Facciamo però un passo indietro, perché il volume non si svolge soltanto nel post cataclisma, Carlo ci porta nel passato, nell'infanzia dei due fratelli. Vivevano nella povertà e durante un tentativo di Hein per procacciarsi il cibo ecco che gli si accende la scintilla e si scopre che è un Marchiato. Da qui conosciamo la loro storia, comprendiamo l'affetto che li lega e impariamo a conoscere le differenze che permettono di contraddistinguerli. Quelle stesse differenze che gli permettono di compensarsi e di essere l'uno la forza dell'altra. Anche se sarebbe più corretto dire l'una la forza dell'altro.


Il tono del romanzo è oscuro e mai banale. Vicenzi non si accontenta del solito “c'è il male e va sconfitto”, no: qui il male si insinua, trasforma, corrompe. L’atmosfera è così densa che potresti spalmarla su una fetta di pane. C'è un gusto dichiarato per il dettaglio cruento, ma anche un'estetica precisa che rende tutto questo profondamente coerente: ogni scena ha un peso, ogni dolore è costruito per lasciare traccia. Ogni sfumatura del male è precisa e sensata. Ogni sfumatura umana è verosimile.


"E' una nuova era," disse ad alta voce "folle e brutale.

Dobbiamo essere pronti ad affrontarla."


Hein è un guerriero formidabile che ha fatto voto di non uccidere (il che, in un mondo dove TUTTO vuole ucciderti, è una scelta audace). Déa è forse ancor più interessante: determinata, leale, con una luce interiore che riesce a sopravvivere anche nelle tenebre più fitte. Insieme, funzionano come cuore e lama del romanzo – e la loro relazione è uno dei veri motori emotivi della storia. A proposito di Déa, sul finale, non mi sarebbe dispiaciuto approfondire maggiormente le macchinazioni mentali che l'hanno portata insieme ad un altro personaggio a compiere determinate scelte. Non le ho trovate totalmente coerenti con la Dèa che avevo conosciuto ma.... Da quando le scelte umane sono coerenti? Quindi ho apprezzato molto l'imprevedibilità che, comunque, è sicuramente un lato del suo carattere.

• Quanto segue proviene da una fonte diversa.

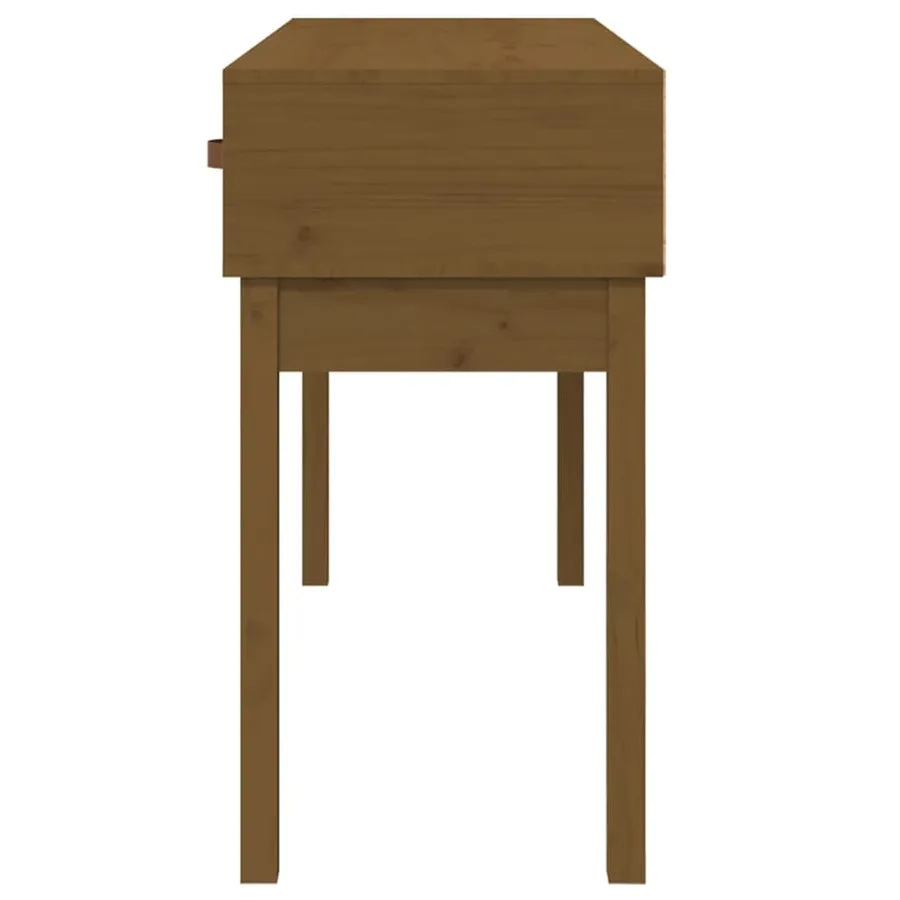 Table console Marron miel 114x40x75 cm Bois massif de pin - 5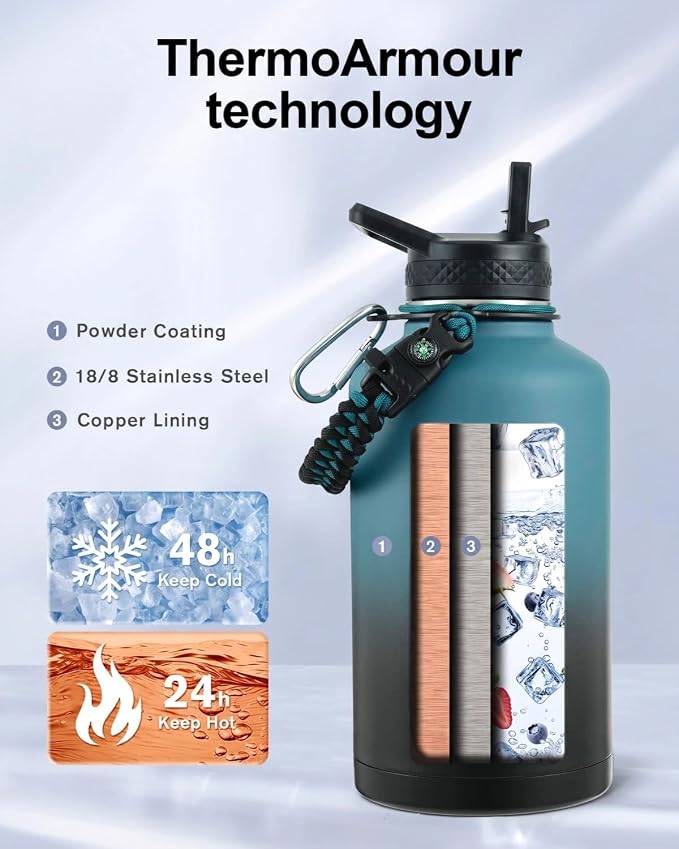 Trebo One Gallon Water Bottle Insulated with 3 Lids, Paracord Handle & Bag | 128 oz Large Stainless Steel Water Jug, Triple Wall Vacuum Copper Plated, Dishwasher Safe, Keeps Cold 48 Hrs for Hiking, Gym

Non è una lettura da spiaggia (a meno che non amiate piogge di sangue al posto del mare), io ve la consiglierei in un'ambiente differente, anche se probabilmente le fastidiose urla degli infanti sarebbero coerenti. Richiede attenzione, e non ha paura di prendersi i suoi tempi. Alcune parti sono forti – sia emotivamente che visivamente – ma mai gratuite. La violenza c'è, sì, ma ha uno scopo narrativo. E morale. Dammi un fiume di sangue è un dark fantasy che non fa sconti, né al lettore né ai suoi personaggi. È sporco, doloroso, ma soprattutto profondamente umano. Un libro che ti prende per la gola, ti trascina nei vicoli oscuri dell’anima... e poi ti chiede se hai il coraggio di restare.


Galeu non lo imitò, ma almeno nascose i pugnali.

Che, per lui, era comunque come sventolare una bandiera bianca.


Se siete in cerca di un’epopea fantasy che suoni come un requiem, ma che abbia ancora voglia di combattere, questo è il libro che fa per voi. Consigliato a tutti coloro che amano i dark fantasy e non lo dicono solo perché ultimamente paiono essere diventati una moda.